Improve accuracy of assistant-ui chat agents with Sanity Context

Your assistant-ui chat renders beautifully. The streaming is smooth, the message bubbles animate, the tool calls show their work. Then a user asks "what's the return window on the jacket I bought last month?" and the assistant confidently invents a 60-day policy. Your real policy is 30 days. The UI did everything right. The model made up the answer because nothing in the loop fed it the actual content.

Sanity Context is Sanity's agent-facing product, and its Context MCP endpoint is what gives the tool calls in your loop somewhere real to read from: live schema, GROQ queries against actual records, no guessing required.

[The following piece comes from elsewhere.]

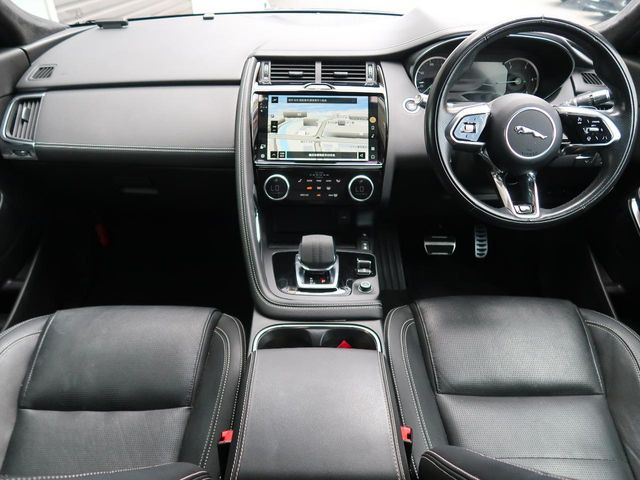 EペイスRダイナミック S 2.0L D200 ディーゼル 4WD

This is the gap nobody warns you about when you adopt assistant-ui. The library is a presentation and runtime layer for chat: it gives you `Thread`, `Composer`, generative UI, and a clean `useAssistantRuntime` contract. What it deliberately does not give you is a source of truth. The runtime calls your backend, your backend calls a model, and if that model is reasoning over a stale JSON dump or nothing at all, your gorgeous UI becomes a confident liar.

This article is about closing that gap. We will wire a custom runtime, stream tool results into generative UI components, and then make those tools return real, current, governed content instead of hallucinations. The retrieval layer is where assistant-ui apps quietly fall over in production, so that is where we will spend the most time.

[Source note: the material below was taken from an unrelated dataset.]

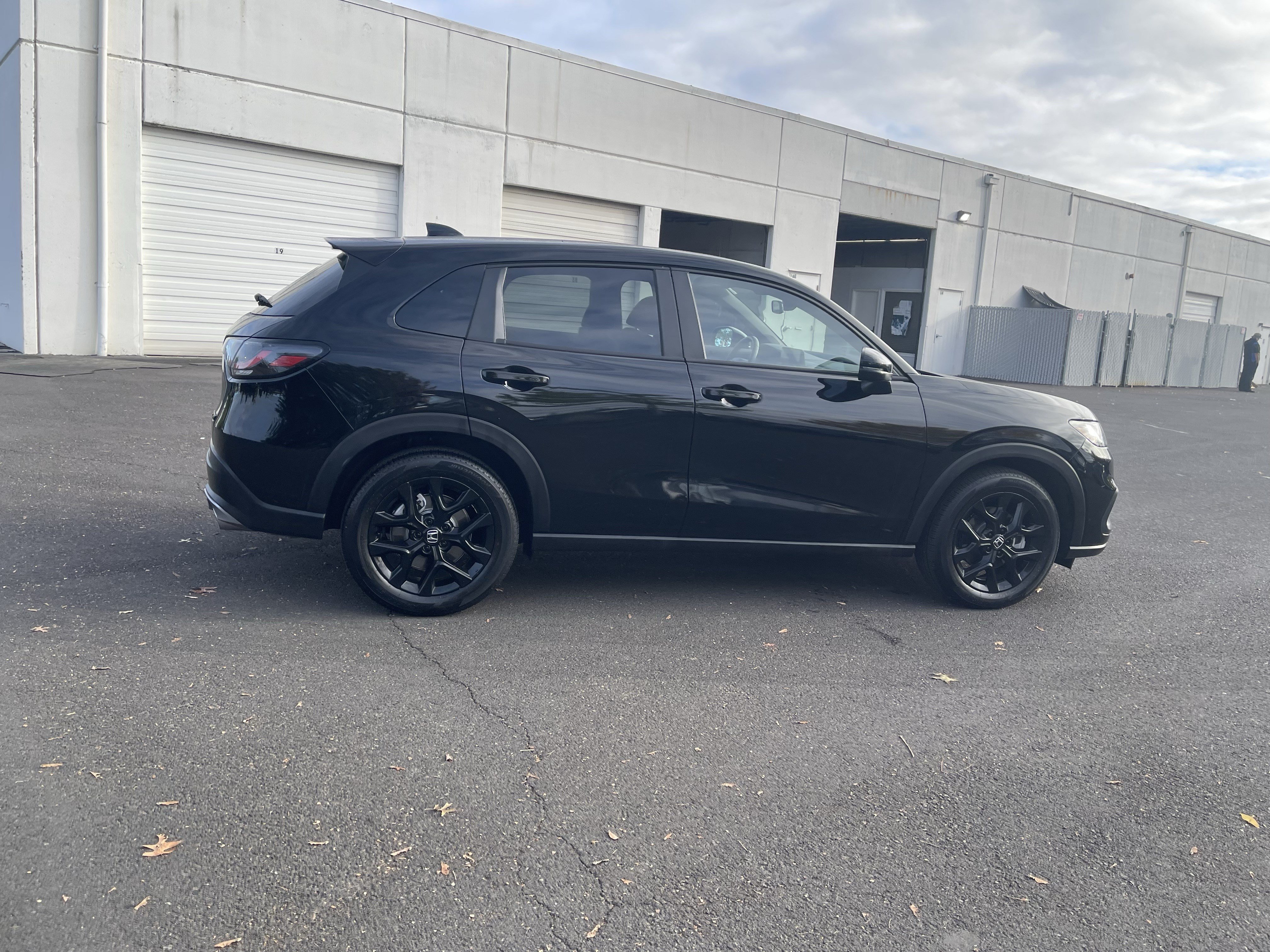 Used 2025 Honda HR-V Sport image 6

The runtime is your contract, not your content

assistant-ui's core abstraction is the runtime. You either use a prebuilt adapter like `useChatRuntime` (which speaks the Vercel AI SDK protocol) or you implement `useExternalStoreRuntime` / a custom `ChatModelAdapter` to bridge to whatever backend you have. The library handles message state, streaming, edit-and-resend, branching, and cancellation. That is a lot of correctness you do not have to write.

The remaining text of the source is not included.